Because programming—and mathematics more generally—does not come easily to us humans, it can be hard to see the forest for the trees. We have no built-in intuition as to what should be possible, and thus, this intuition is built by observing the artifacts created by more established practitioners. In these more “artificial” of human endeavors, newcomers to the field are truly constructivists—their methods for practicing the art are shaped only by their previously-observed patterns. Because different programming languages support different features and idioms, the imaginable shape of what programming is must be shaped by the languages we understand.

In a famous essay, “Beating the Averages,” Paul Graham points out the so-called Blub paradox. This, Graham says, is the ordering of programming languages by powerfulness; a programmer who thinks in a middle-of-the-road language along this ordering (call it Blub) can identify less powerful languages, but not those which are more powerful. The idea rings true; one can arrange languages in power by the features they support, and subsequently check to see if a language supports all the features felt to be important. If it doesn’t, it must be less powerful. However, this technique doesn’t work to identify more powerful languages—at best, you will see that the compared language supports all the features you’re looking for, but you don’t know enough to ask for more.

More formally, we can describe the Blub paradox as a semi-decision procedure. That is, given an ordering over programming languages (here, by “power”,) we can determine whether a language is less than our comparison language, but not whether it is more than. We can determine when the answer is definitely “yes,” but, not when it is “no!”

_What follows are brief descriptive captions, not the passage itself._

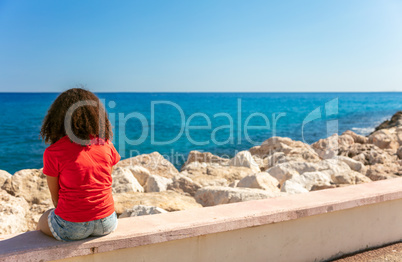 Young Woman Girl Teenager Sitting Wall Looking to Sea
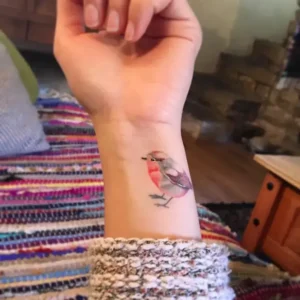 Bird Memorial Tattoos & Symbolism 5 Watercolor & Soft-Tone Tattoos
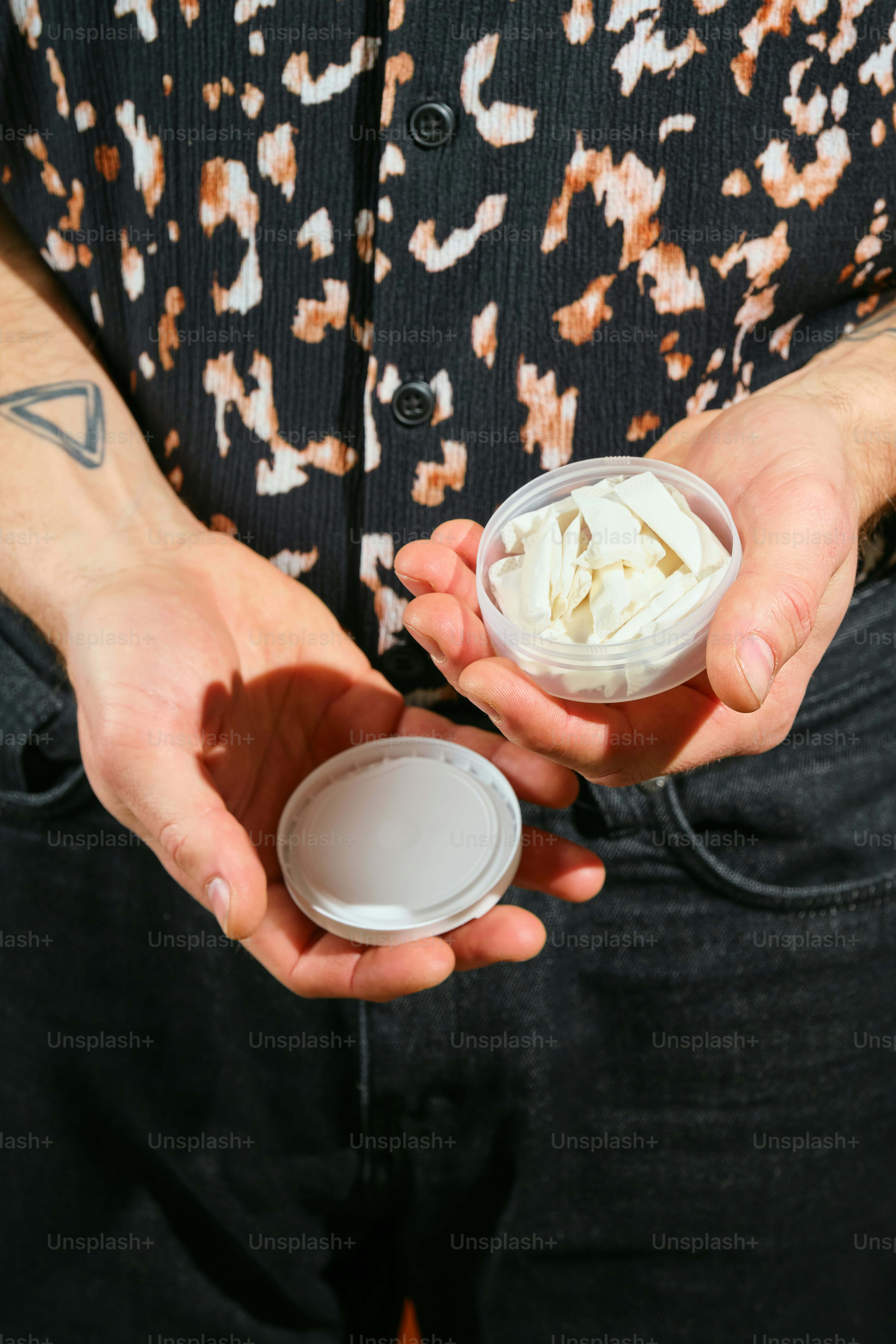Person holds a container of shredded white food.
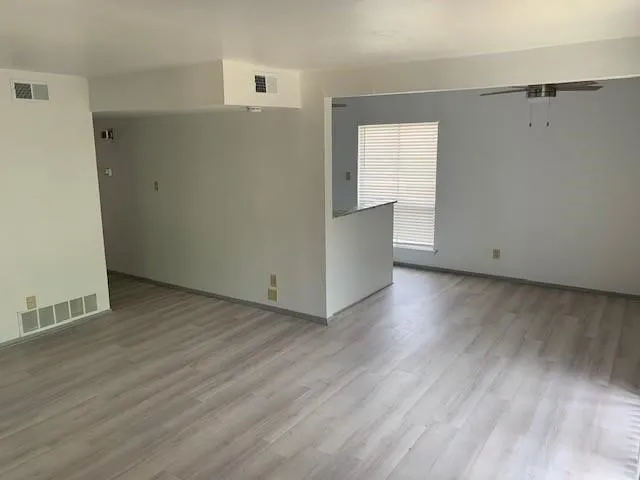 Wood-finish flooring throughout, neutral paint palette, window with horizontal blinds, ceiling fan, and a half-wall with a counter surface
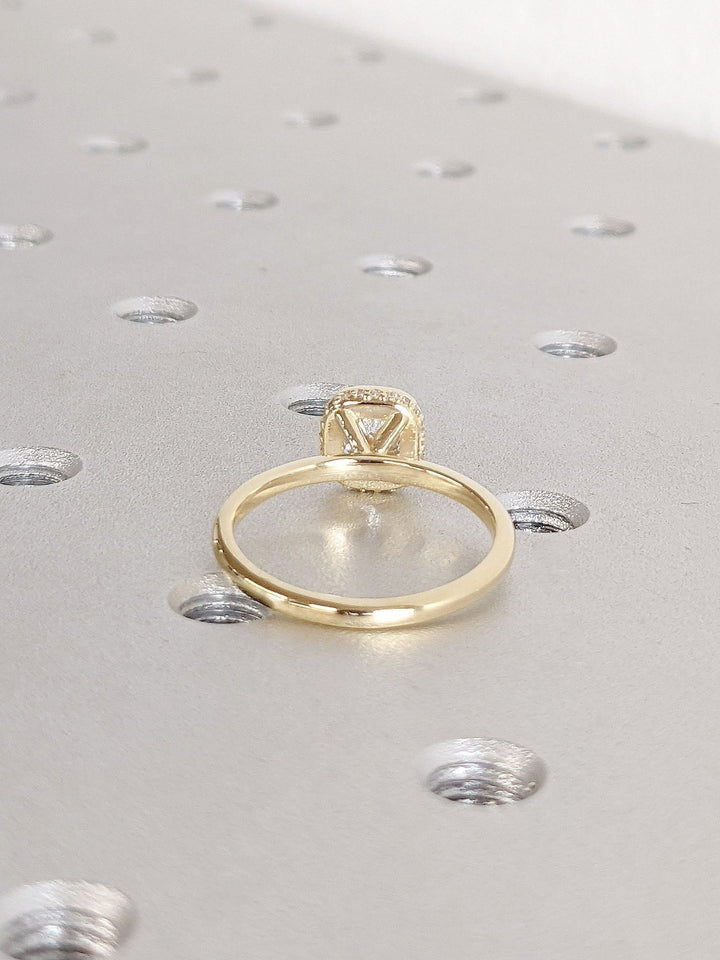 Cushion hidden halo engagement ring close-up highlighting diamond sparkle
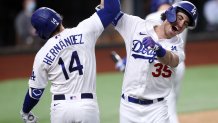 ARLINGTON, TEXAS - OCTOBER 18: Cody Bellinger #35 of the Los Angeles Dodgers is congratulated by Enrique Hernandez #14 after hitting a solo home run against the Atlanta Braves during the seventh inning in Game Seven of the National League Championship Series at Globe Life Field on October 18, 2020 in Arlington, Texas. (Photo by Tom Pennington/Getty Images)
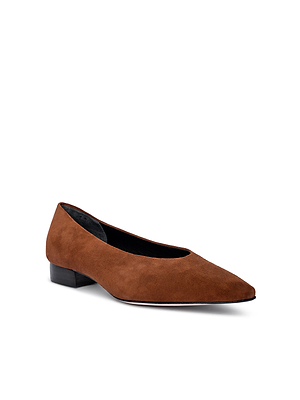 The Suzanne Ballerina Flat is a women's buckskin suede shoe featuring an elegant low heel and pointed toe, shown on a white background.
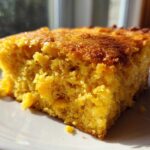 Close-up of a moist, golden slice of cornbread casserole showing corn kernels embedded in the texture.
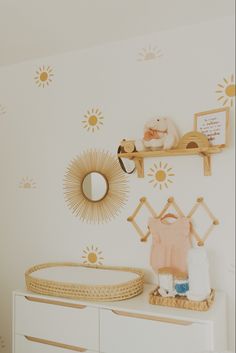 a baby's nursery room with sun decals on the wall and dressers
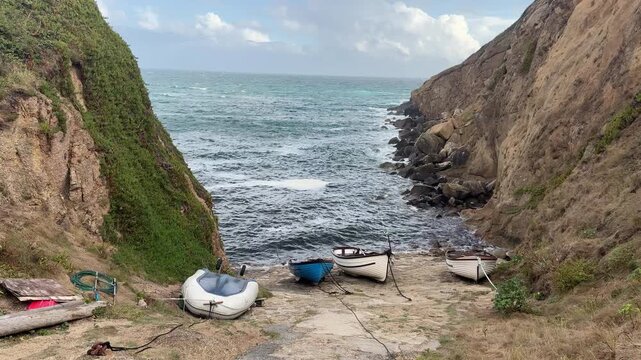 A small Cornish fishing bay with boats on the slip way. A tourist area and pretty landscape on the ocean in England UK 4K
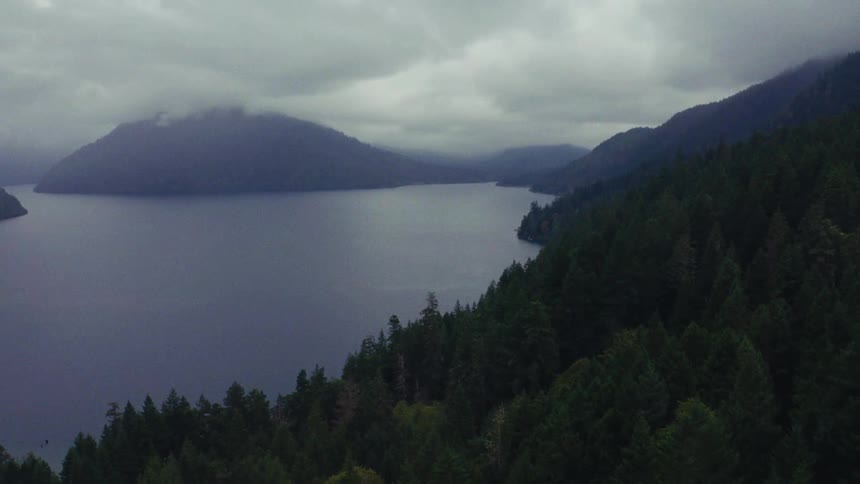 An aerial view flies over a dense evergreen forest revealing a vast, serene lake surrounded by mountains on a cloudy day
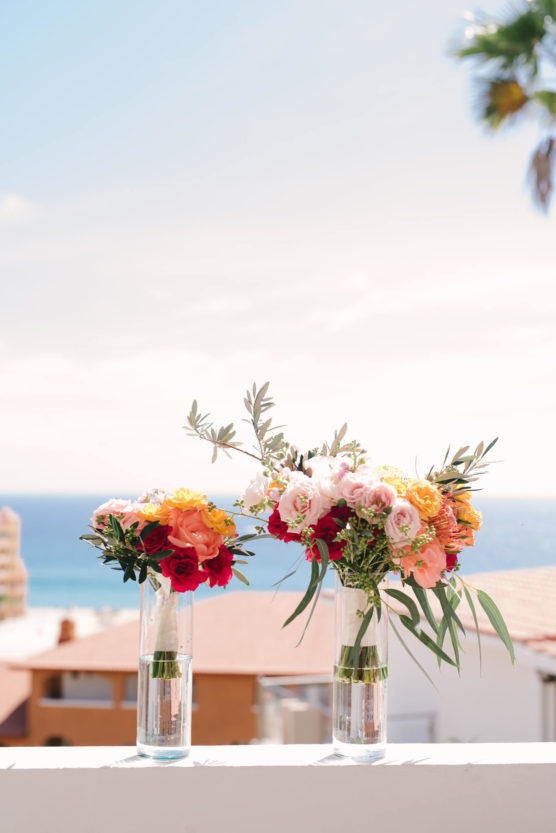 Two glass vases with colorful flower arrangements sit on a white ledge, with a view of rooftops, the ocean, and a partly cloudy sky in the background. by Justin Salem Meyer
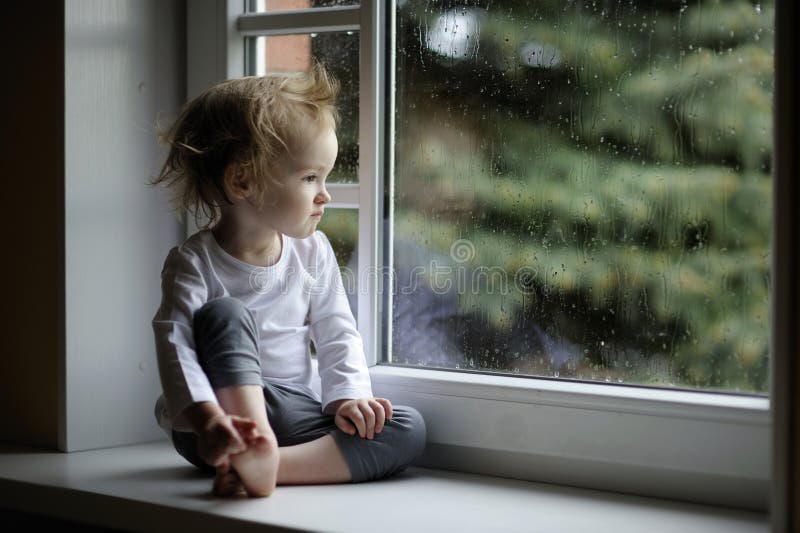 Förtjusande flicka som ser raindropslitet barn royaltyfria foton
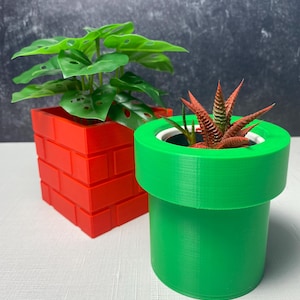 May include: Two decorative planters. One is a red brick design, the other a green pipe. The red planter holds a green leafy plant, and the green planter has a small succulent with red-tipped leaves.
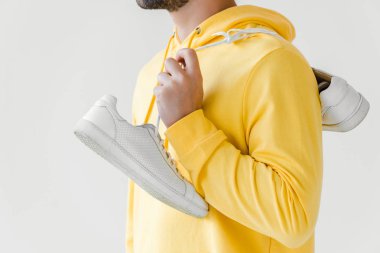gencin omuz üzerinde beyaz izole asılı beyaz spor ayakkabı ile sarı hoodie içinde kırpılmış atış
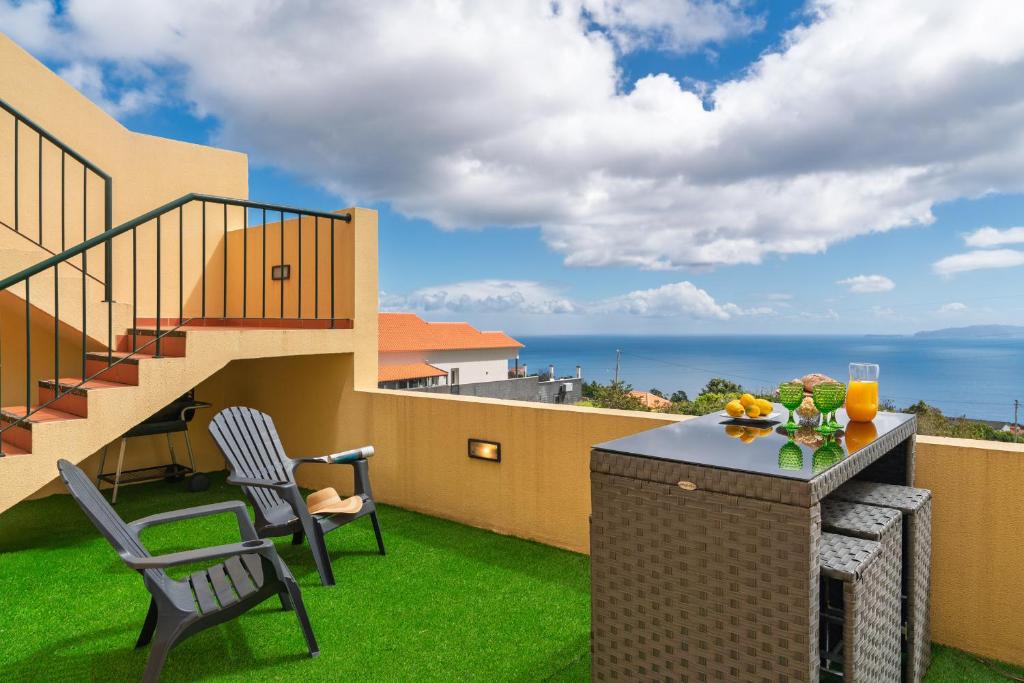 a balcony with a table and chairs and a staircase at Strategic Sunset House by An Island Apart in Santa Cruz
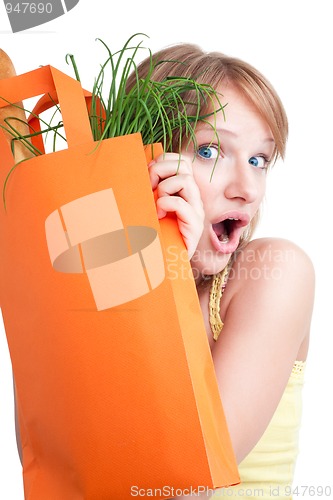 Image of Surprised blond woman with bag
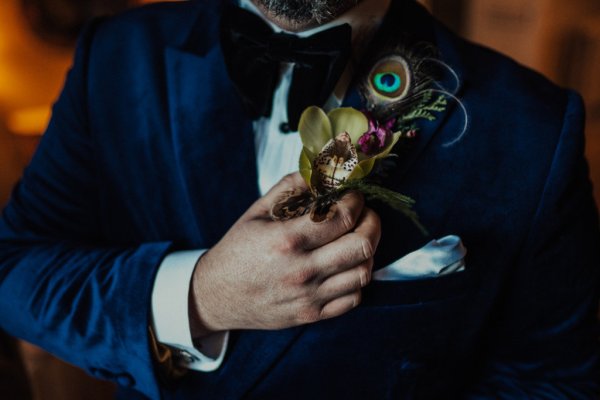 groom in tuxedo peacock feather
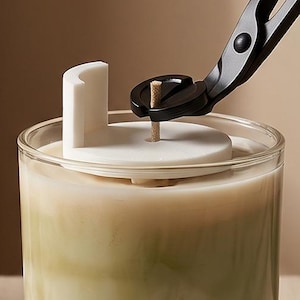 May include: A clear glass candle container filled with marbled green and white wax. A white circular wick centring tool sits on top of the wax, surrounding a single wooden wick. A pair of black metal wick trimmers is positioned above the wick.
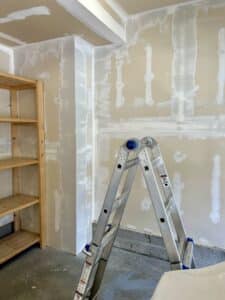 A corner of the garage with drywall mud applied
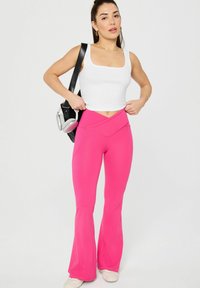 Fitted white ribbed tank top paired with pink flared yoga pants featuring a crossover waistband. Accessories include a black bag and headphones.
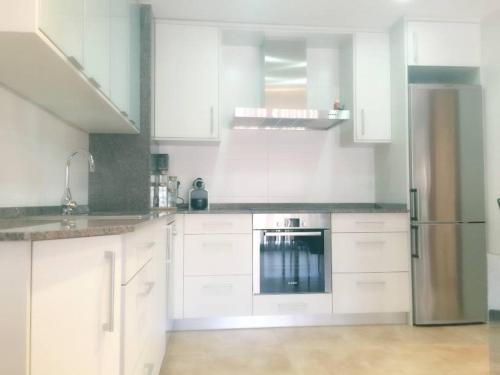 a kitchen with white cabinets and a stainless steel appliance at Cal Farre in Arbeca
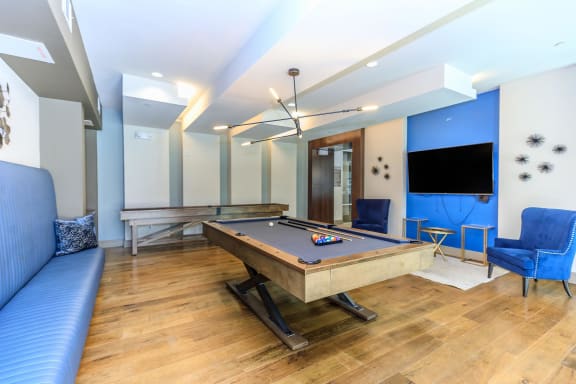 a pool table in a living room with a blue couch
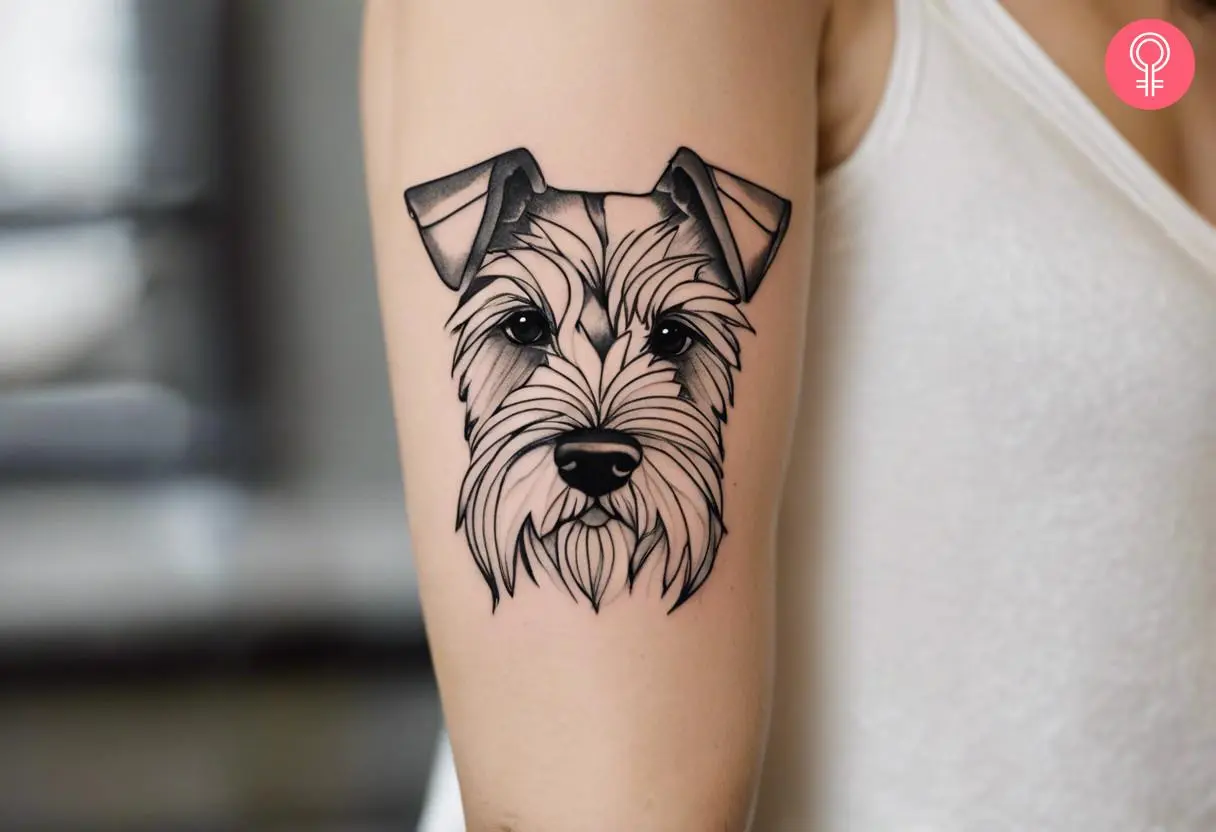 Woman with schnauzer line tattoo on her arm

Over two decades of climbing this lattice of powerful languages, I have come to understand a lesser-known corollary of the Blub paradox, coining it the Co-Blub paradox1. This is the observation that knowledge of lesser languages is actively harmful in the context of a more powerful language. The hoops you unwittingly jumped through in Blub due to lacking feature X are anti-patterns in the presence of feature X. This is obviously true when stated abstractly, but insidious when one is in the middle of it.

Let’s look at a few examples over the ages, to help motivate the problem before we get into our introspection proper. In the beginning, people programmed directly in machine code. Not assembly, mind you, but in raw binary-encoded op-codes. They had a book somewhere showing them what bits needed to be set in order to cajole the machine into performing any given instruction. Presumably if this were your job, you’d come to memorize the bit patterns for common operations, and it wouldn’t be nearly as tedious as it seems today.

Then came assembly languages, which provided human-meaningful mnemonics to the computer’s opcodes. No longer did we need to encode a jump as 11111000110000001100 — now it was jl 16. Still mysterious, to be sure, but significant gains are realized in legibility. When encoded directly in machine code, programs were, for the most part, write-only. But assembly languages don’t come for free; first you need to write an assembler: a program that reads the mnemonics and outputs the raw machine code. If you were already proficient writing machine code directly, you can imagine the task of implementing an assembler to feel like make work—a tool to automate a problem you don’t have. In the context of the Co-Blub paradox, knowing the direct encodings of your opcodes is an anti-pattern when you have an assembly language, as it makes your contributes inscrutable among your peers.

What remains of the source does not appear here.